Transcribe, starting at the line with "MyungZoe Zoe Main" and ending at the line with "Ethnicraft | N701", every line of the material below exactly, but leave out the pictures and anything outside that span.

/---

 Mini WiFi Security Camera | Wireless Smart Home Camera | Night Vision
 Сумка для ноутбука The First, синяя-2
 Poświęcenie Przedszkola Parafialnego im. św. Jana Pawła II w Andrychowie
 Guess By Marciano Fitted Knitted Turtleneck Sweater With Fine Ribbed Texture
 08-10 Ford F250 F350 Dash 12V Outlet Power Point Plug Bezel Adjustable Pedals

\---
/---

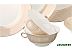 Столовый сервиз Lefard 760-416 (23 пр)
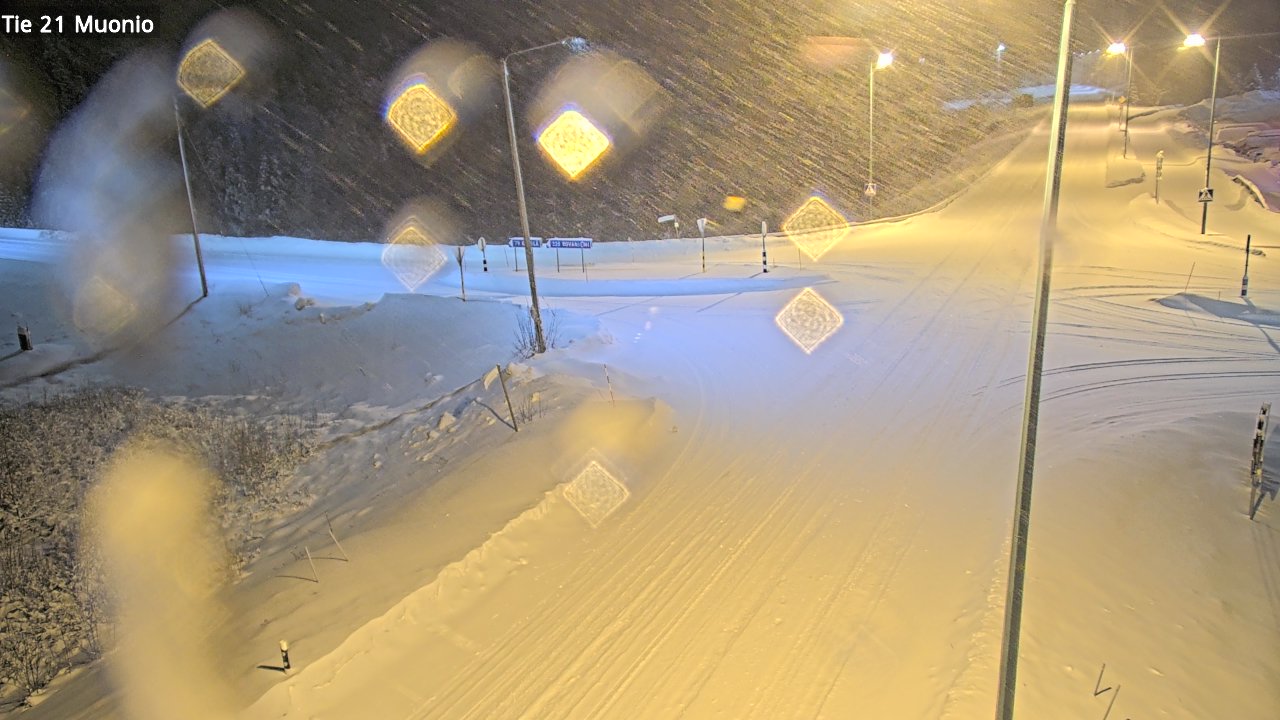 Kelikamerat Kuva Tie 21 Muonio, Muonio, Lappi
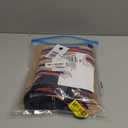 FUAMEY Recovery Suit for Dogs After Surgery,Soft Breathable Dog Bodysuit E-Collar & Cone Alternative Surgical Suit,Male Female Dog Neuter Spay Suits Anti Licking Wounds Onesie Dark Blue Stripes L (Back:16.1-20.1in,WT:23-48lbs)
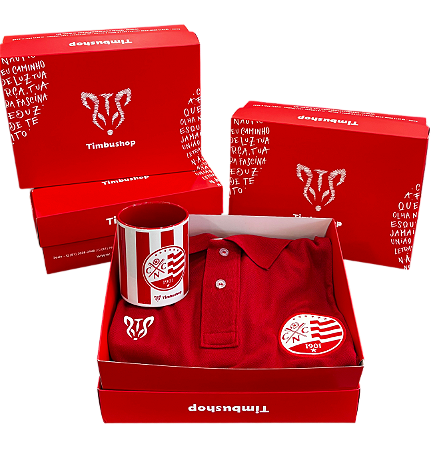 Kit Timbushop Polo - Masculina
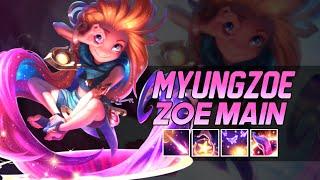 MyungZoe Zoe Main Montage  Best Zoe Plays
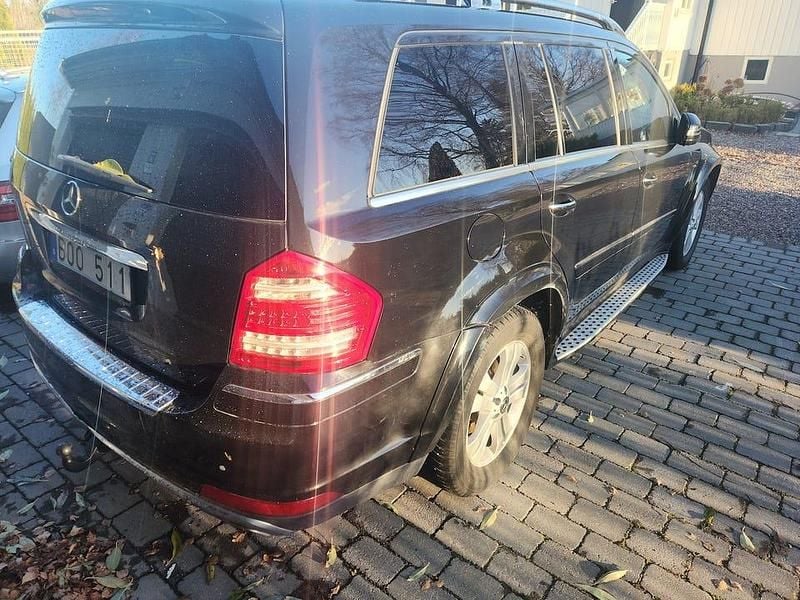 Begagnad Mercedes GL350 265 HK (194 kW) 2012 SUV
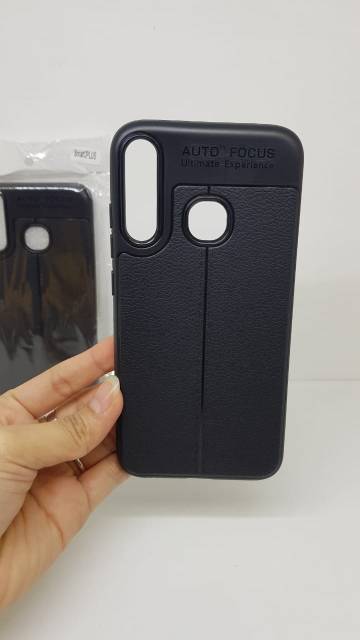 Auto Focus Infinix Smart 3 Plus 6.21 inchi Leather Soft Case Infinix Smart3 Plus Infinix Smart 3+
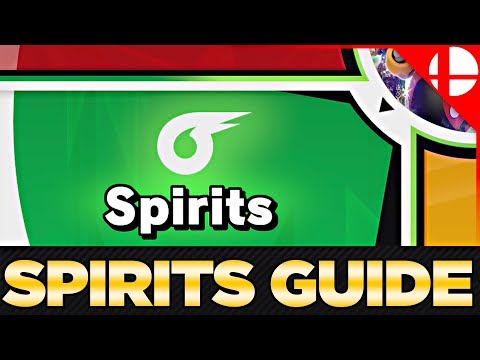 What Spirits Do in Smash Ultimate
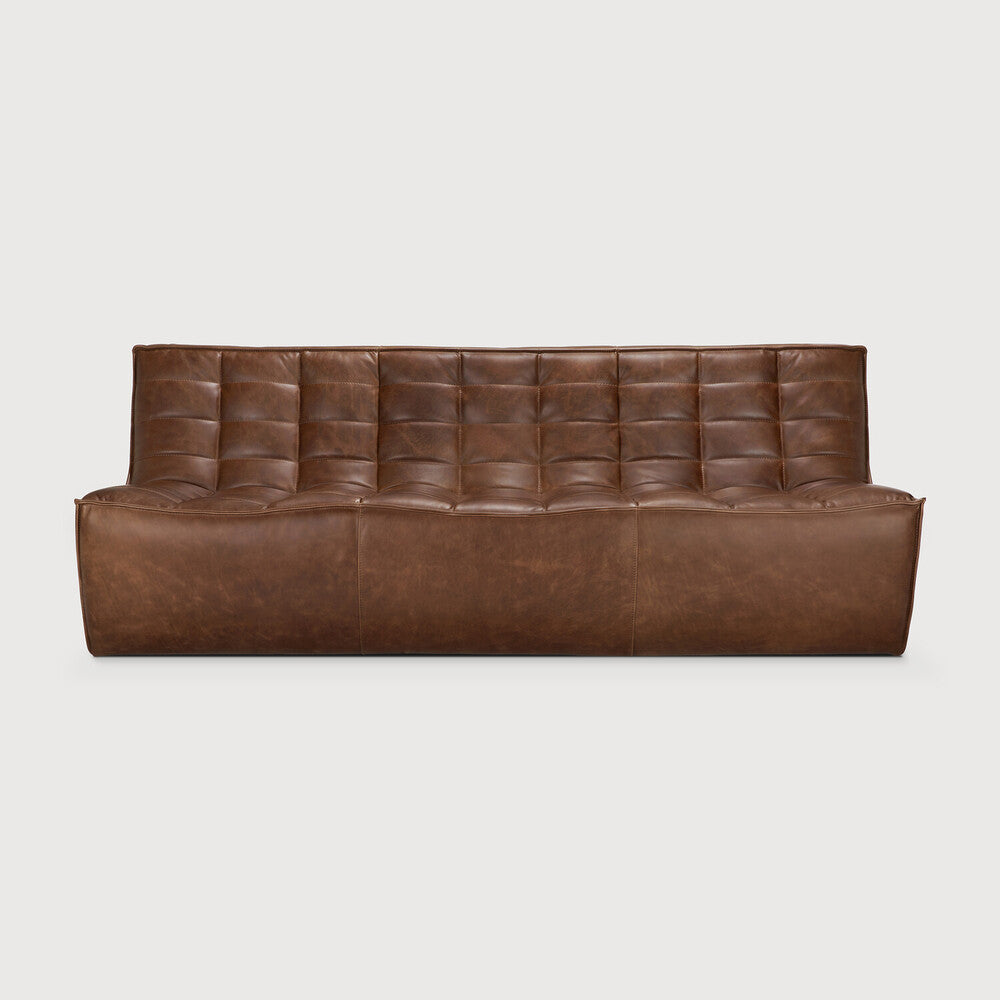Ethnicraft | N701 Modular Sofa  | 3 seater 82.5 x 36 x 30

\---

Finished exercise:
 MyungZoe Zoe Main Montage  Best Zoe Plays
 Begagnad Mercedes GL350 265 HK (194 kW) 2012 SUV
 Auto Focus Infinix Smart 3 Plus 6.21 inchi Leather Soft Case Infinix Smart3 Plus Infinix Smart 3+
 What Spirits Do in Smash Ultimate
Ethnicraft | N701 Modular Sofa  | 3 seater 82.5 x 36 x 30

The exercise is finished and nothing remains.